The general approach followed here can be summarized as follows: using EMRIOs, I obtain country-level GHG emissions for the household sector, the investment sector and the government sector across countries (emissions are net of imports and exports embedded in goods and services traded with the rest of the world). These emissions are distributed to individuals in each country using country-level data on the elasticity of emissions and consumption, income and wealth. A variety of alternative estimation strategies are tested and it appears that the key results are robust to a large range of parametric assumptions on the relationship between emissions, income, consumption and wealth. To be sure, a lot remains to be learned and debated about the link between individual emissions and wealth. As in any excercise of this sort, the statistical reconstructions presented below should be analyzed with caution.

Results

Carbon emission inequalities within regions

Global average per-capita emissions reached about 6 tonnes of carbon-dioxyde equivalent (tCO2e) in 2019. To have high chances of staying below +1.5 °C global temperature increase, average per-capita emissions should be 1.9 tCO2e between now and 2050 (that is, the equivalent of an economy-class round-trip flight between London and New York) and zero afterwards (Supplementary Information section 3).

Inequalities in average per-capita emissions ‘between’ world regions remain large, as shown in Extended Data Fig. 1. On top of these gaps, important inequalities in carbon footprints are observed within regions. Figure 1 presents the carbon footprints of the bottom 50% of emitters, the middle 40% and the top 10% of the population within regions according to my benchmark results. Emission levels and shares for other groups are presented in Supplementary Information (section 7).

In East Asia, the poorest 50% emit on average 2.9 tCO2e per annum, while the middle 40% emit nearly 8 t, and the top 10% almost 40 t. This contrasts sharply with North America, where the bottom 50% emit fewer than 10 t, the middle 40% around 22 t and the top 10% around 69 tCO2e. This in turn can be contrasted with the emissions in Europe, where the bottom 50% emit 5 t, the middle 40% around 10.5 tCO2e and the top 10% around 30 tCO2e. Emission levels in South and Southeast Asia are notably lower than in the other regions, from around 1 tCO2e for the bottom 50% to 11 t on average for the top 10%.

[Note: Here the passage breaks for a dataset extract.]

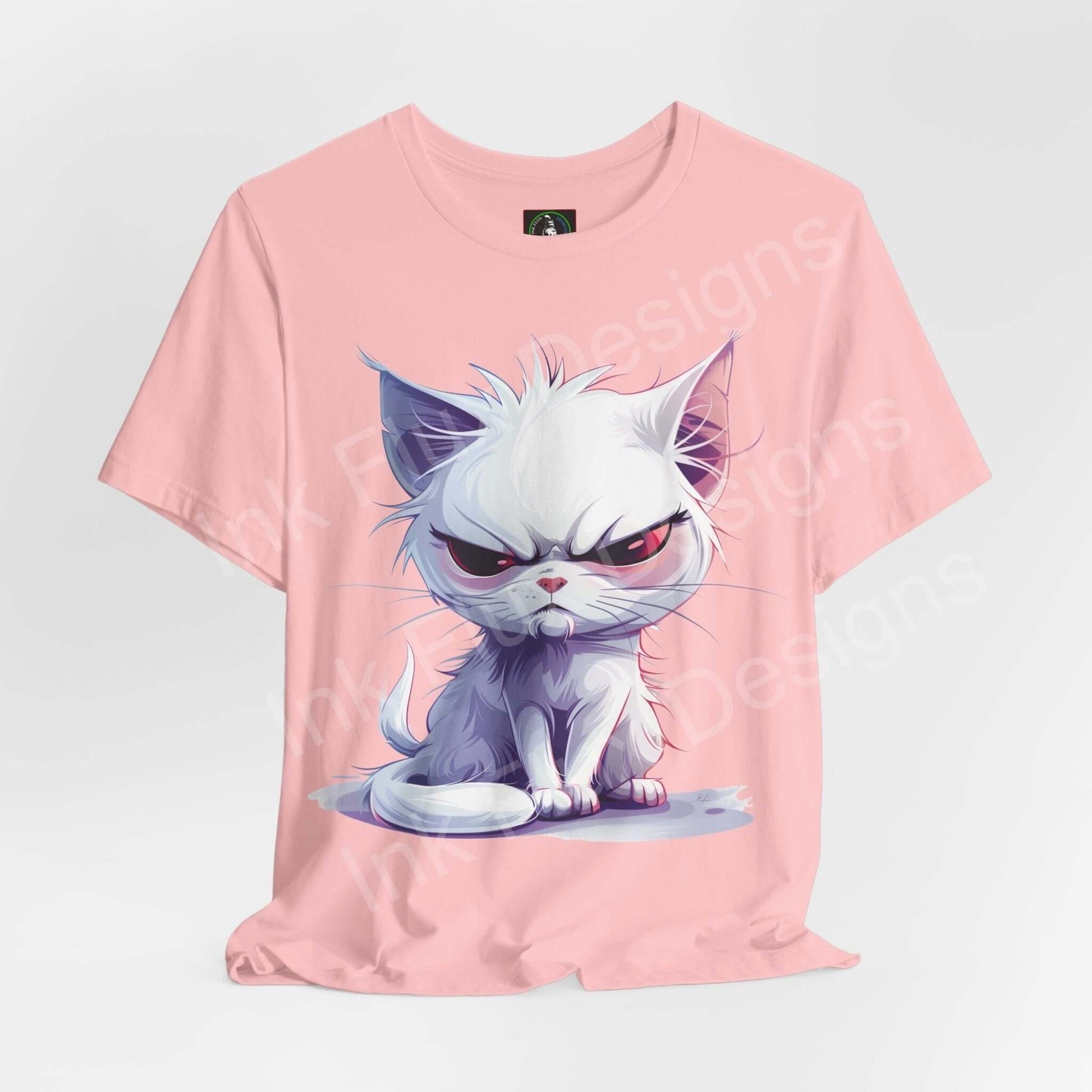 Pink unisex T-shirt featuring a graphic of a grumpy white cat, ideal for cat lovers and fans of comfy graphic tees.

It is striking that the poorest half of the population in the United States has emission levels comparable with the European middle 40%, despite being almost twice as poor as this group in purchasing power parity terms17. Conversely, the top 10% of the population in East Asia emits notably more than its European counterpart (40 tCO2e vs 29 tCO2e, respectively). It also appears that Russia and Central Asia have an emissions distribution broadly similar to that of Europe, but with higher top 10% emissions (mainly due to higher income and wealth inequalities in Russia and Central Asia) and lower bottom 50% emissions. Sub-Saharan Africa lags behind, with the bottom 50% emitting around 0.5 t per capita and per year, and the top 10% emitting around 7.5 t.

Global carbon inequality between individuals

Figure 2 presents the inequality of carbon emissions between individuals at the world level. The global bottom 50% emit on average 1.4 tCO2e per year and contribute to 11.5% of the total. The middle 40% emit 6.1 t on average, making up 40.5% of the total. The top 10% emit 28.7 t (48% of the total). The top 1% emits 101 t (16.9% of the total). Global carbon emissions inequality thus appears to be great: close to half of all emissions are released by one-tenth of the global population, and just one-hundredth of the world population (77 million individuals) emits about 50% more than the entire bottom half of the population (3.8 billion individuals).

The evolution of individual carbon emission inequalities

How has global emissions inequality changed over the past few decades? In Fig. 3a, global polluters are ranked from the least emitting to the highest on the X axis, and their per-capita emissions growth rate between 1990 and 2019 is presented on the Y axis. Since 1990, average global emissions per capita grew by 2.3% (and overall emissions grew by about 50%, see Supplementary Information Table 6.1). The per-capita emissions of the bottom 50% grew faster than the average (26%), while those of the middle 40% as a whole was negative (−1.2%), and some percentiles of the global distribution actually saw a reduction in their emissions of between 5 and 25%. Per-capita emissions of the top 1% emissions grew by 26% and top 0.01% emissions by 80%. One striking result shown in Fig. 3a is the reduction in the emissions of about 5–15% for percentiles p75 to p95. This segment of the world population largely corresponds to the lower- and middle-income groups of the rich countries and contrasts with the emissions of the top 1%, which have markedly increased.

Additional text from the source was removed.